Bajando del ascensor de medio lado, encogiendo la barriga y sudando la gota gorda, empujando el carrito del bebé con esa mano izquierda que nos evita dar más trompazos de la cuenta, la cesta de las toallas, la silla de la playa, la sombrilla bajo el brazo, la bolsa de los juguetes y esta mediana mía que siempre se mete por cualquier rendija para salir primero sin mirar siquiera. El señor me sostuvo la puerta con una sonrisa cándida. “No se pueden estar quietos”, me disculpé yo, mientras del otro ascensor salían mis otros hijos, en la alargada edad del pato. “Qué alegría”, se limitó a contestar él, con la mirada perdida. “Los míos están ya...”, añadió, e hizo un gesto con los dedos de ambas manos como de vuelo, de pérdida, de nebulosa, de quién sabe dónde.

Solo me quedó del fugaz encuentro la sonrisa de aquel señor nostálgico y alegre por la alegría ajena, esa que no notamos ahora porque la carne de tu propia carne te hace cansar la tuya, tu espalda, tu cintura, tu tiempo que se ocupa solo en ellos y apenas te da para una reflexión como esta a altas horas de la silenciosa madrugada, cuando ellos respiran y tú los sientes y solo eso te tranquiliza el corazón y piensas una y otra vez, a pesar de los pesares, en que salga el sol por Antequera y te encanta el dicho porque solo oyéndolos respirar, seguros en el tránsito negro de un día al siguiente, comprendes profundamente la frase, más allá de las leyendas que la sostengan.
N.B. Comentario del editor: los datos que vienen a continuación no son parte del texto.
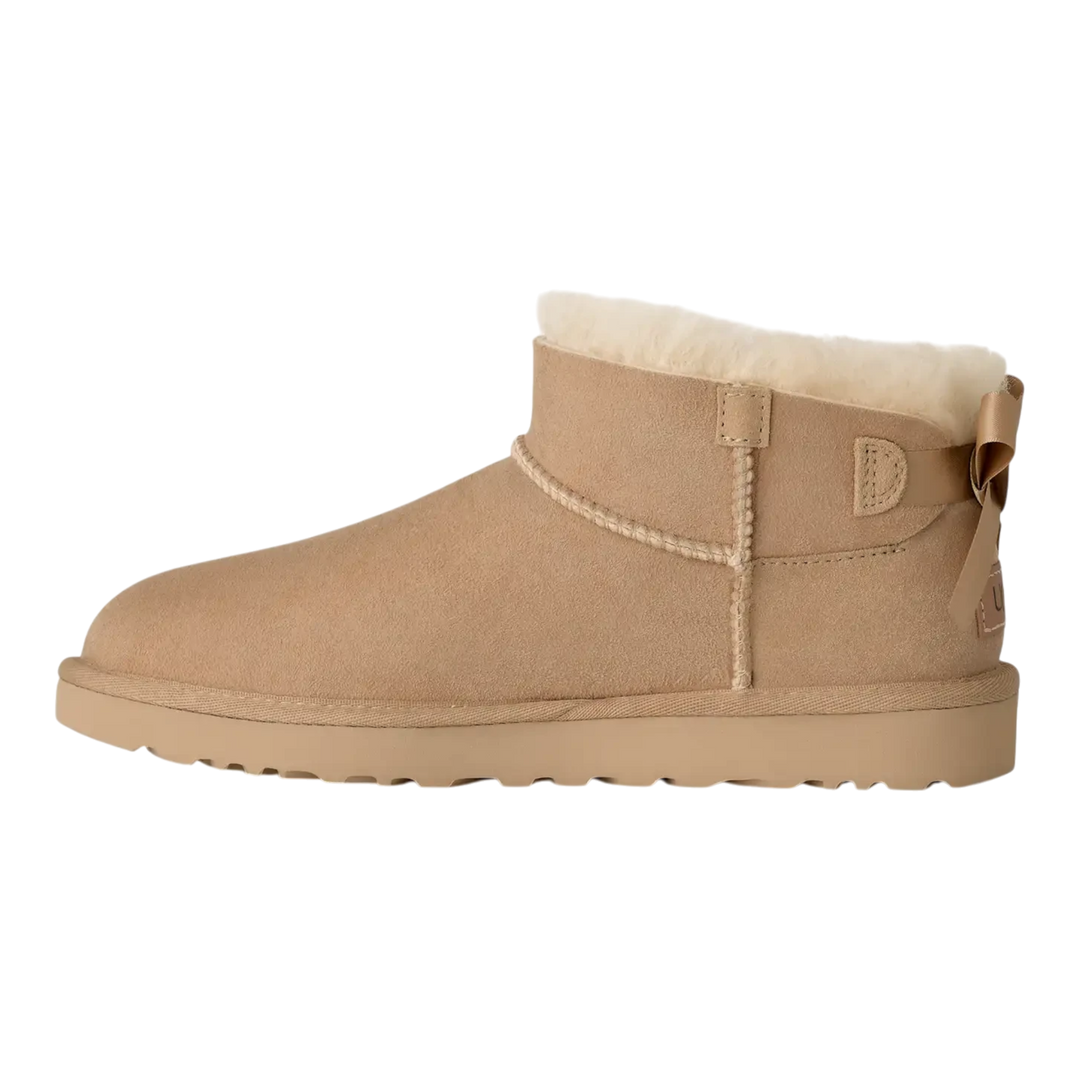 HypeSelection UGG Ultra Mini Bailey Bow boot in sand suede with plush wool lining and back satin bow detail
El caso es que ocurrió hace ya unos días y el gesto aleteante de las manos de aquel señor me vuelve una y otra vez a la memoria, contraída quizás por ese momento, dentro de tantos años, en que yo tenga que imitarlo. Porque la vida pasa deprisa, cada vez más, y ese señor que hacía así con las manos, con la resignación de quien no puede volver atrás, de quien tiene asumido que tus hijos no son tus hijos, como dijo Khalil Gibran en aquel cruelísimo poema, era probablemente yo mismo dentro de quince, veinte años, no más, cuando recuerde ese preciso instante en que uno salía del ascensor sin poder, cargado de niños y de agobios sin ser consciente de que lo que uno cargaba sobre los hombros, sobre las sienes, sobre los huesos, no era más que la felicidad. Llegará ese momento, como llega todo, y uno deberá llorar entonces por la felicidad por la que no lloró lo suficiente tanto tiempo atrás.